Optimal: (2,2) with objective value 4. Blue dashed = constraints. Green solid = optimal iso-line (c·x = 4).

Suppose you want to minimize cost subject to constraints. A government building a road wants minimum cost, but must respect budget limits and land area. Economic theory says: instead of directly solving the constrained problem, you can price the constraints — assign a cost per unit of constraint violation — and then solve a simpler unconstrained problem. If you price constraints correctly, the constrained and unconstrained optima coincide. This is Lagrangian duality, and the optimal prices are the KKT multipliers. The SVM, LASSO, and LP all become their most revealing forms in the dual — because the dual variable structure makes the solution's geometry visible.
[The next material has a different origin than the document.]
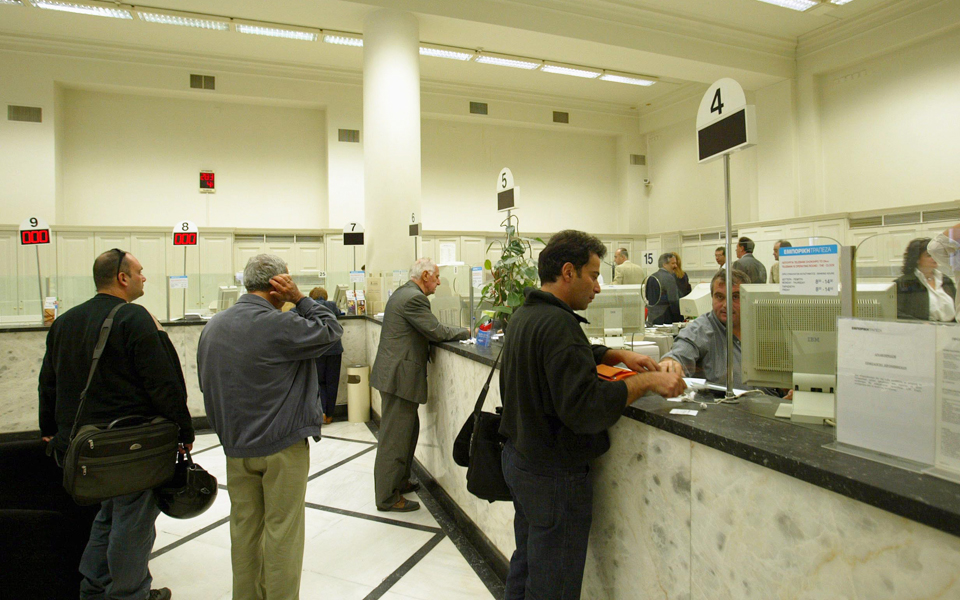 σε-εκκρεμότητα-σημαντικές-νομοθετικ-2170033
The Optimization Problem and Its Lagrangian

The standard form optimization problem:

\begin{aligned} \min_{x \in \mathbb{R}^n} \quad & f_0(x) \\ \text{s.t.} \quad & f_i(x) \leq 0, \quad i = 1, \ldots, m \\ & h_j(x) = 0, \quad j = 1, \ldots, p. \end{aligned}

The Lagrangian augments the objective with constraint penalties:

$\mathcal{L}(x, \lambda, \nu) = f_0(x) + \sum_{i=1}^m \lambda_i f_i(x) + \sum_{j=1}^p \nu_j h_j(x),$

where $\lambda \in \mathbb{R}^m_{\geq 0}$ are dual variables (or Lagrange multipliers) for inequality constraints and $\nu \in \mathbb{R}^p$ for equality constraints. The dual variables can be interpreted as prices: $\lambda_i$ is the cost per unit of violating constraint $i$ .
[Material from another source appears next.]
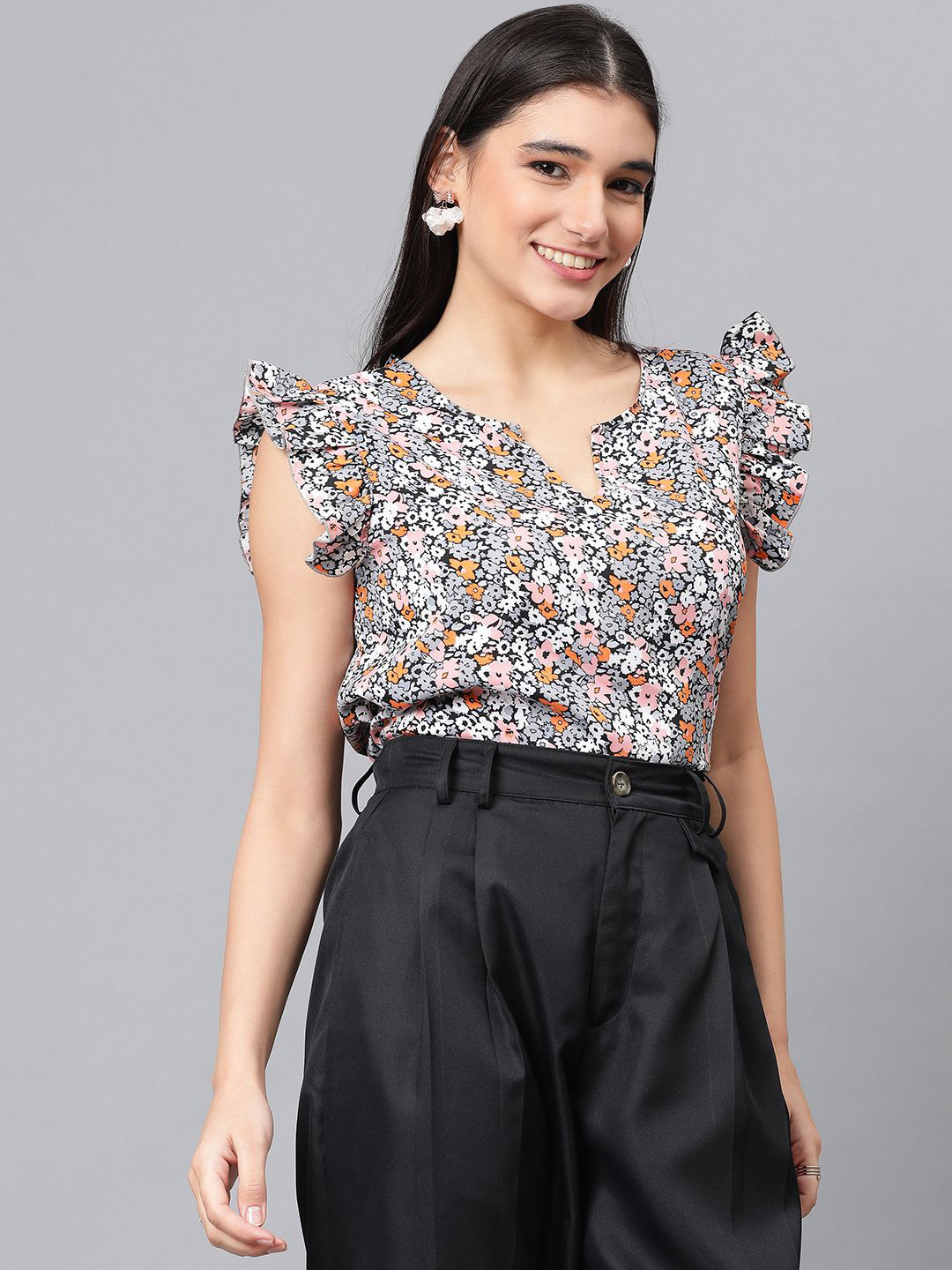 

Kotty Floral Printed Sleeveless Round Neck Top, Black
Key property. For any primal feasible $x$ (satisfying all constraints) and any $\lambda \geq 0$ , $\nu$ :

$f_0(x) \geq \mathcal{L}(x, \lambda, \nu) \geq \inf_{x'} \mathcal{L}(x', \lambda, \nu).$

The Dual Function and Dual Problem

The Lagrange dual function is:

$g(\lambda, \nu) = \inf_{x \in \mathbb{R}^n} \mathcal{L}(x, \lambda, \nu).$

Critical observation. $g$ is always concave (infimum of affine functions in $(\lambda, \nu)$ ), regardless of whether $f_0, f_i$ are convex. This makes the dual problem always a concave maximization — which is convex after negation. This is the algebraic reason duality is so powerful: even if the primal is non-convex, you can always construct a convex dual. The dual may not be tight (strong duality may fail), but it always provides a lower bound and is always tractable to optimize.

The Lagrange dual problem is:

$\max_{\lambda \geq 0, \nu} \; g(\lambda, \nu).$

The dual optimal value $d^*$ and primal optimal value $p^*$ satisfy weak duality: $d^* \leq p^*$ . The duality gap is $p^* - d^* \geq 0$ .

Strong Duality and Slater's Condition

Strong duality: $d^* = p^*$ — the duality gap is zero.

Slater's constraint qualification (CQ). For a convex primal problem ( $f_0, f_i$ convex, $h_j$ affine), if there exists a strictly feasible point $\tilde{x}$ with $f_i(\tilde{x}) < 0$ for all $i$ and $h_j(\tilde{x}) = 0$ , then strong duality holds.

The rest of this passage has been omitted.